How remote desktop management helps sysadmins service users efficiently and securely
System administrators live and die by remote connections in order to quickly help users with their problems no matter where they are in the world. On a one-off basis, remote desktop mechanisms seem simple enough to deal with. For a single session, it is just a matter of using the right protocol and having access to appropriate credentials to make a connection and gain access to the system. But as sysadmins scale their efforts across different types of IT assets, various connection protocols, numerous users and different business groups or customer environments, the difficulty of securely managing credentials and configuring connections for each user situation starts to rear its head.
When IT groups manually manage connections, it doesn’t take long before the number of passwords and configuration settings fosters chaos that quickly overwhelms teams. Problems typically crop up on three major fronts.
Factor 1: Fragmentation adds complexity
Every user system has its own unique set of configuration requirements based on network policies, remote access tools, system protocols and credential information. At scale it becomes very difficult for the IT group to manage and share all of that connection and credential information.

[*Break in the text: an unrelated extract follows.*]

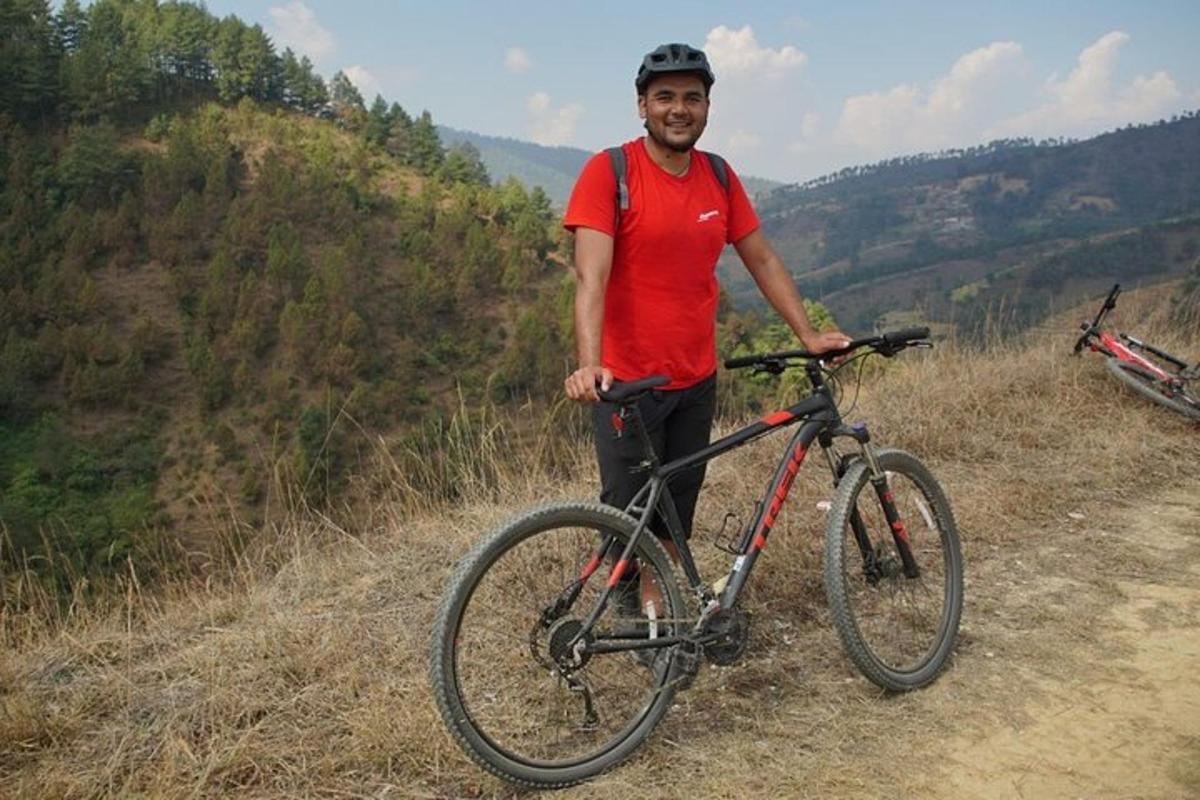 um homem parado ao lado de uma bicicleta em uma colina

Ideally, when IT admins need to complete a task, they should be able to quickly access each system involved without jumping through a lot of hoops. However, as things stand, many organizations rely on a complex mishmash of Excel spreadsheets and Word documents to keep track of relevant connection information. With manual approaches like this, administrators struggle to keep track of new machines and establish a single source of truth for up-to-date server, connection and credential information. This means that every time they touch a new system remotely, sysadmins must do legwork to look up credential information and take multiple steps to log in.
Factor 2: Lack of user management heightens risks
Not only does this kind of manual tracking introduce complexity to a sysadmin’s job, it also brings a lot of risk to the table. The lack of automated controls over passwords, credentials and system privileges adds needless risk to the remote connection process.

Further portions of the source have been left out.